Short descriptive text snippets:
^^^^
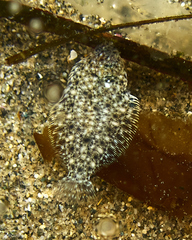 Lepidopsetta bilineata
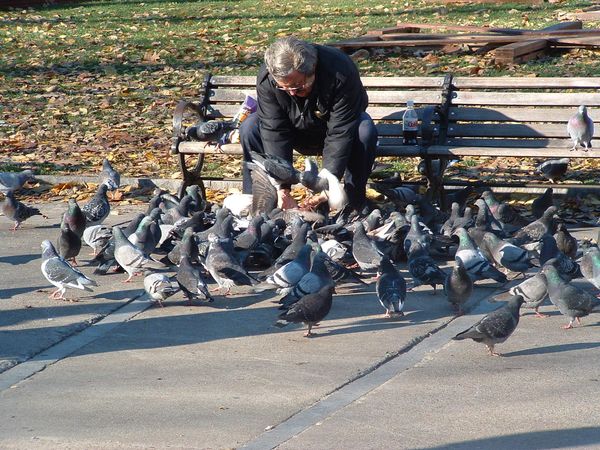 What's your opinion on feeding pigeons in public places?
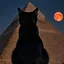 You will be reborn as a cat icon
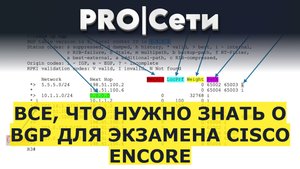 Все, что нужно знать о BGP для экзамена Cisco Encore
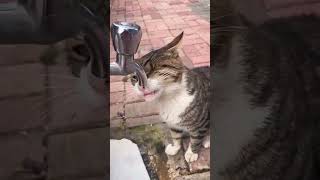 Kind man helps a thirsty cat drink water from a tap. Bless you! #Cat #catshorts
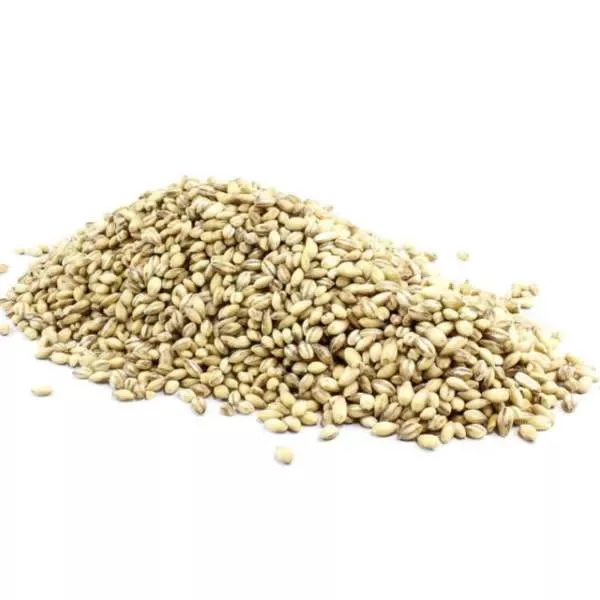 Natural Raw Barley / Malt /Human Consumption / Animal Feed / Fodder / German origin At Reasonable Price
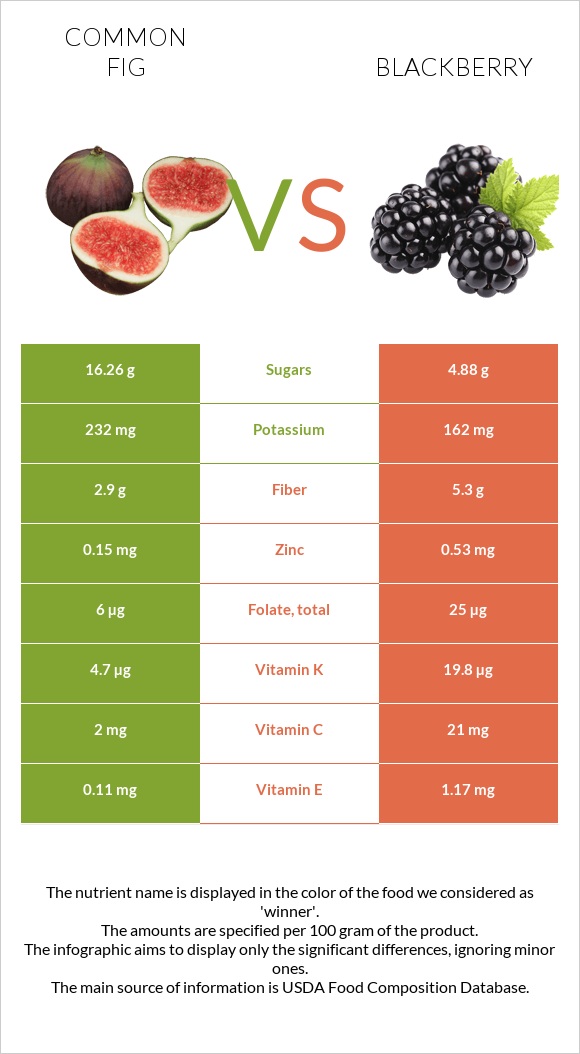 Common fig vs Blackberry infographic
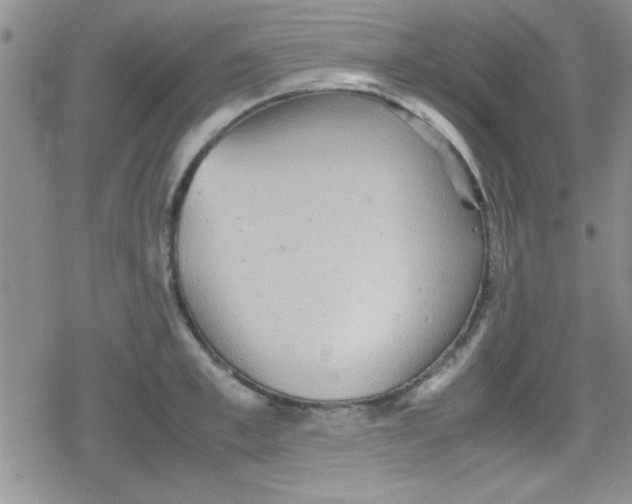 X0000079340997200612082020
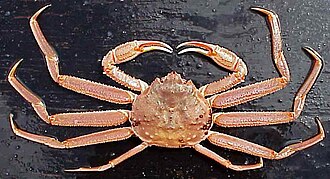 Snow crab, legs only, frozen  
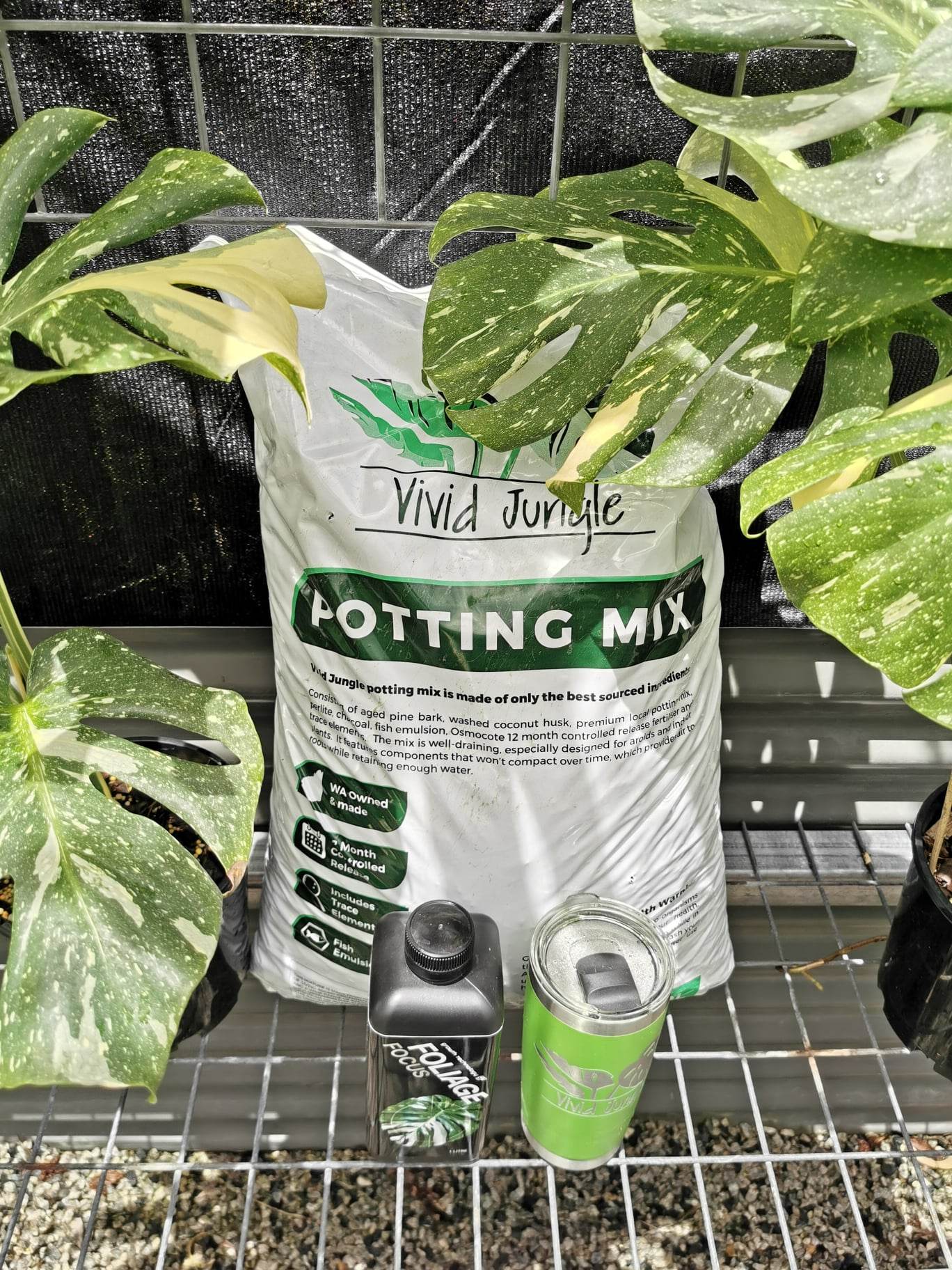 Potting Mix , GT Foliage Focus & VJ mug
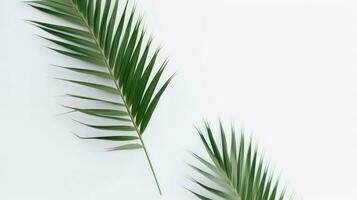 AI Generative palm leaves on a white background photo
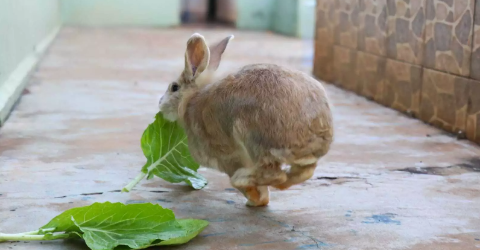 D&aacute; para ter coelho sem condenar o bicho a viver dentro de uma gaiola
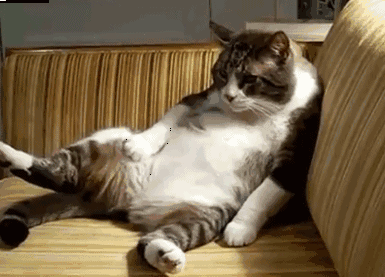 b1890aaa8aba40fc8eb6d98c84a65ed9.gif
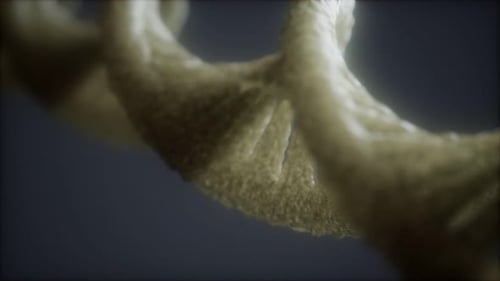 Loopable Structure of the DNA Double Helix Animation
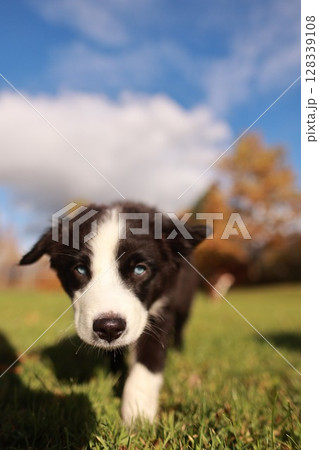A black and white dog is walking on a grassy field 128339108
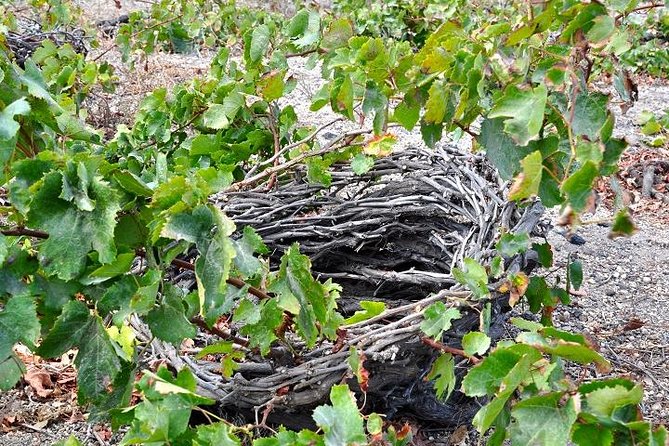 Santorini: 4hrs Small Group Wine Tasting Tour with Local Bites - Artemis Karamolegos Winery: award-winning wine in a beautiful setting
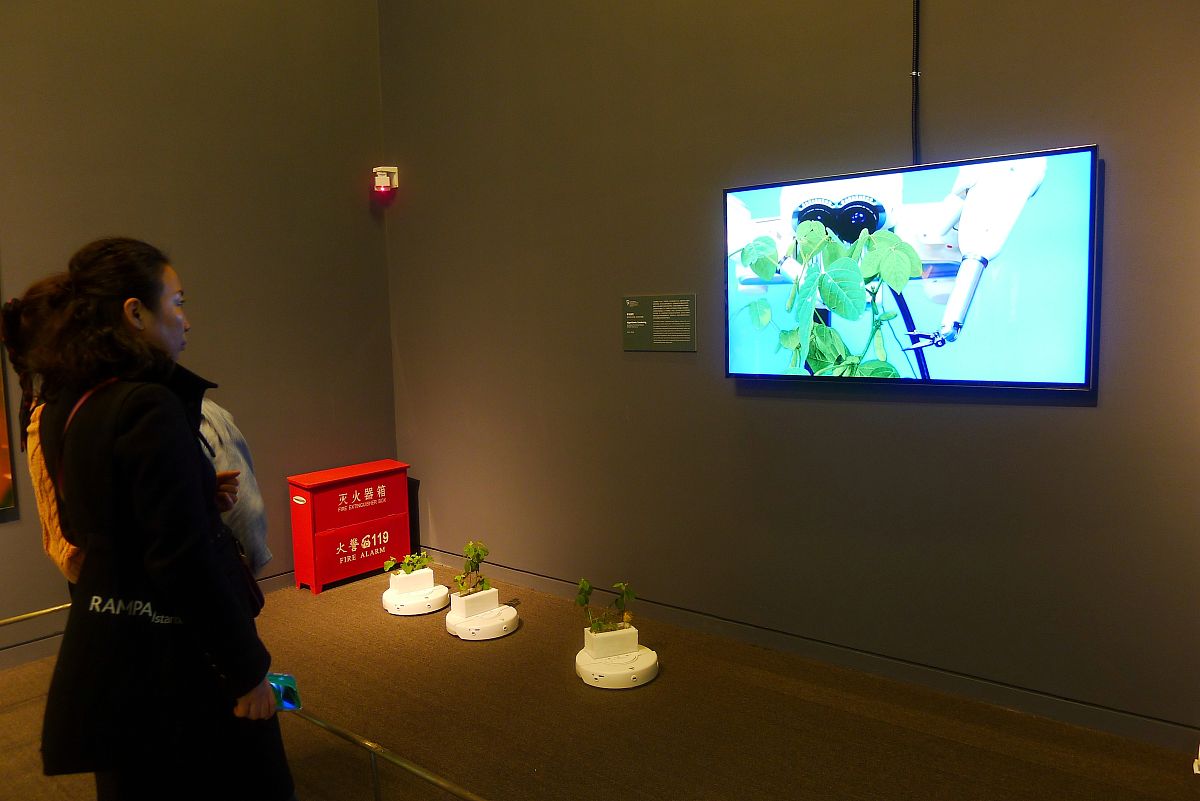 那么给我一些娱乐方面的建议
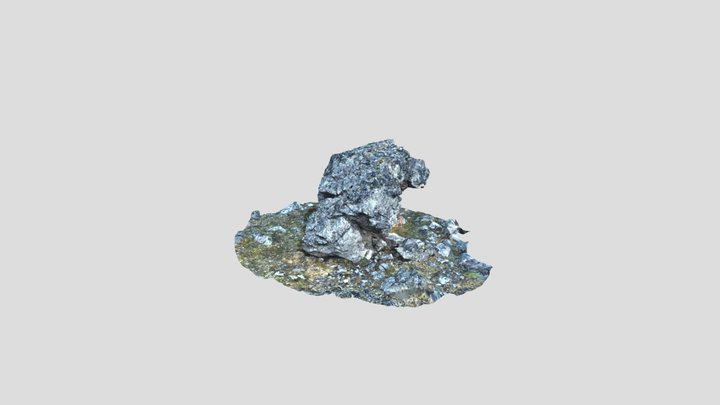 Upper Snake Erratic 3D Model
^^^^
__WHAT IS EXPECTED__: Every line from the one containing "Santorini: 4hrs Small" through the end of the entries above is to be copied exactly; pictures are to be left out.

__EXERCISE RESPONSE__:
 Santorini: 4hrs Small Group Wine Tasting Tour with Local Bites - Artemis Karamolegos Winery: award-winning wine in a beautiful setting
 那么给我一些娱乐方面的建议
 Upper Snake Erratic 3D Model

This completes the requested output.